On the afternoon of the fourth day Sella decided to go have a look around. That sorceress had said there were dangerous things on the island, but Sella hadn’t seen anything that scared her. Except for that big cat, maybe, but it looked like a pet, not something that hunted and ate people. Well, and the robed things, but they didn’t seem so fast. Sella was pretty sure she could run away if one happened to see her out and about. She wasn’t worried. And anyway, Niara was Kay’s grandma. She wouldn’t let anything bad happen to his friend.
The rear of the huts brushed up against the edge of a rocky slope, and at its bottom was the beach where they had arrived. No one seemed to be paying attention to her, but still Sella made sure the paladin was busy with his praying and Nel with her worrying before she slipped around the back and half slid, half scrambled down to the black sand. Then she followed the curve of the beach, keeping to the shadows thrown by the higher places so that no one up above could see her. Eventually Sella came to the spot she’d picked out—a steep bit of cliff that
soared up to a higher ledge than where they’d been staying. She couldn’t see it right now from so far down below, but she knew there was a building up there, too. As she’d hoped, the rocky wall looked pretty easy to climb. Lots of crevices and ledges to hold onto—really, it didn’t look much harder than the rocks she and Kay used to climb out in the bay, and those had been slicked by the sea.

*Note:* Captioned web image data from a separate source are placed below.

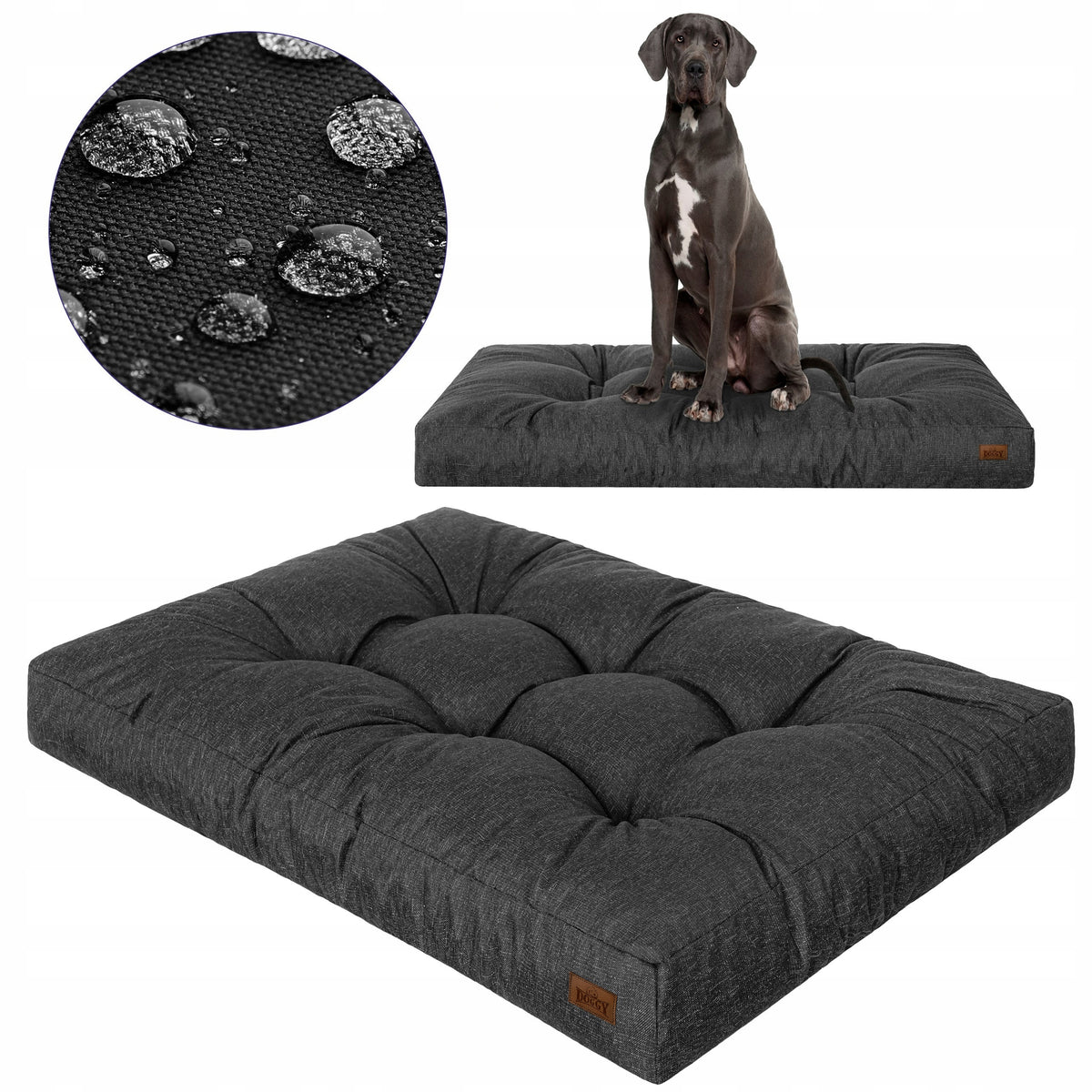 Mattress Quilted Waterproof Giga Bed Couch for Dog XXL 130x100 cm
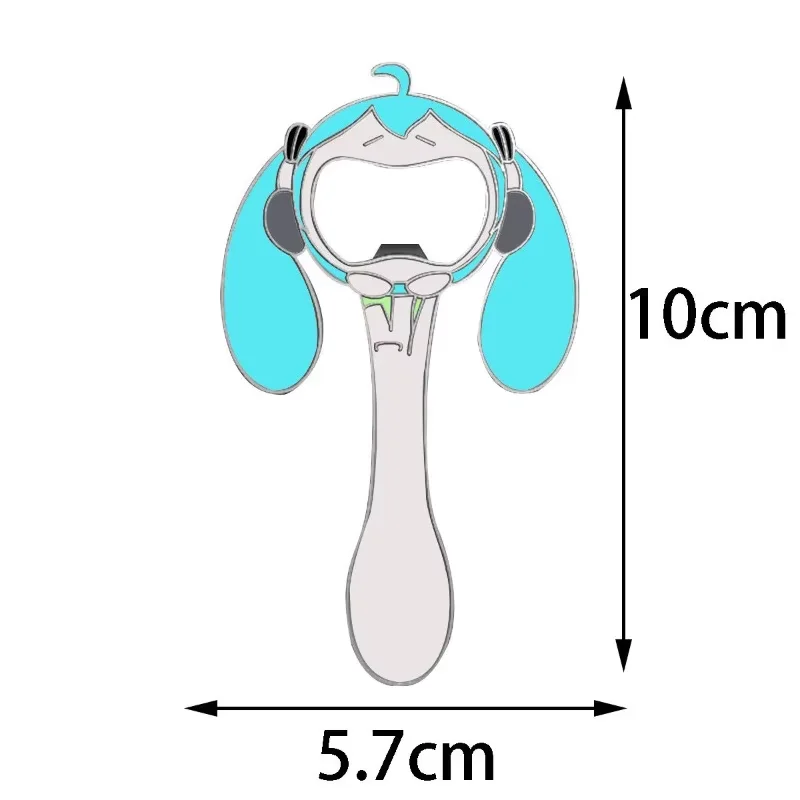 Hatsune Miku high color value creative new metal bottle opener cute creative magnetic suction special screwdriver for friends - view 2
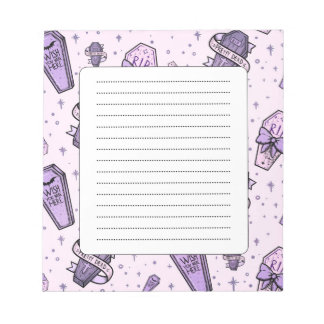 Bloc-note Motif Pastel Goth Coffins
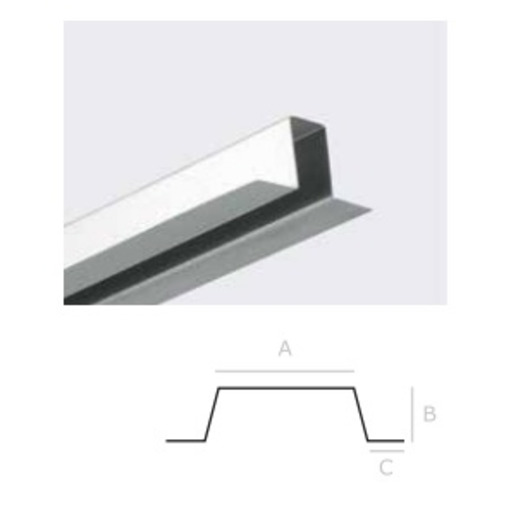 RASTREL TEJA MET.OMEGA 20x30x20--3000x0.60mm EGAPEPERFIL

She gave a final glance at the huts where she’d left Nel and Senacus, hoping not to see them pointing and screaming at her—they weren’t—and then she started to climb. It was easy going, so long as she didn’t look down. She did once, and then she’d felt dizzy and had to hug herself a bit closer to the stone. But she was never in any real danger of falling. Her mother had called Sella her ‘little gibbon’, after those forest apes, since she had gotten to the top of every tall tree round their farm. Felt good, actually, to climb again. The sun on her shoulders, the feel of being up high, going somewhere and doing something.
By the time Sella pulled herself up over the ledge, her hands were scraped up and her hair dirty from when she’d managed to knock a bird’s nest onto her head, but still the exhilaration of the climb was rushing through her like lightning. She did feel a bit of disappointment, though, when she saw that the ledge she’d climbed up to wasn’t all that interesting—just another hut, not much bigger than the one she was sleeping in. She’d just have a quick look inside and then hurry back before Nel realized she was missing.
The door looked rotten and about a thousand years old, but it didn’t budge when she pushed. Sella circled the building—there had once been windows, but someone had piled rocks in them pretty tight. There were a few little gaps where the stones came together, and so she stood up on her toes and tried to peek inside. Shapes loomed in the darkness.
One corner of a wall had crumbled, and there was a hole Sella thought she might be able to squeeze through if she sucked in her tummy. Pushing down that little nagging voice of caution she got down and wriggled her way between the jagged bits of stone.